Exercise directions: Restate the data below word for word. Skip any images it contains.

Data extract:

──────

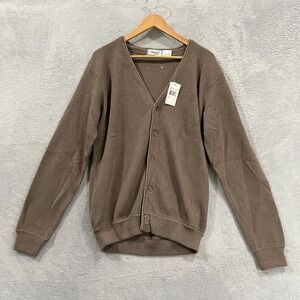 Vintage Classics Palmland Cardigan Men L Sweater Academia Grandpa USA Made 90s‎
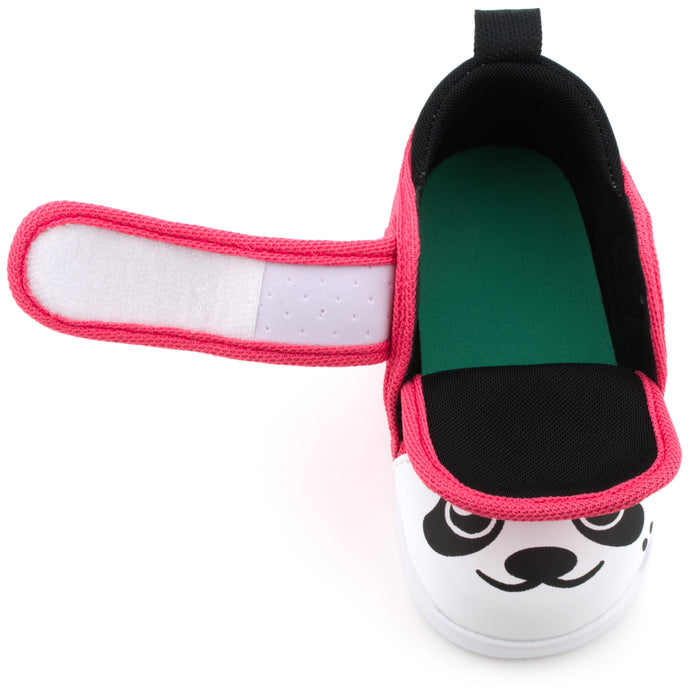 Panda Bear Squeaky Toddler Shoes for Girls and Boys V2 | Dark Pink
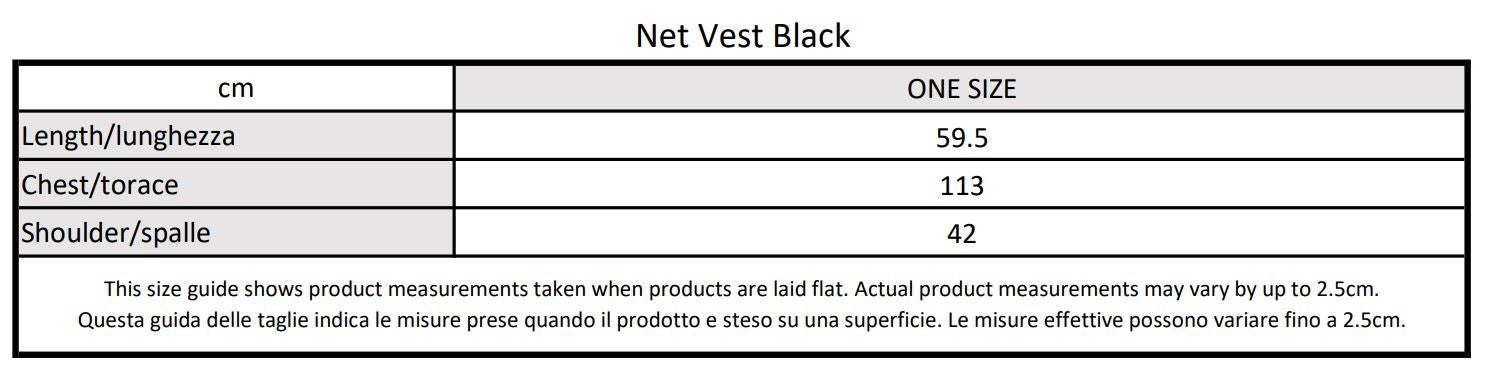 Moondi clothing net vest black size guide, parkour and streetwear clothing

──────

Exercise response:
 Vintage Classics Palmland Cardigan Men L Sweater Academia Grandpa USA Made 90s‎
 Panda Bear Squeaky Toddler Shoes for Girls and Boys V2 | Dark Pink
 Moondi clothing net vest black size guide, parkour and streetwear clothing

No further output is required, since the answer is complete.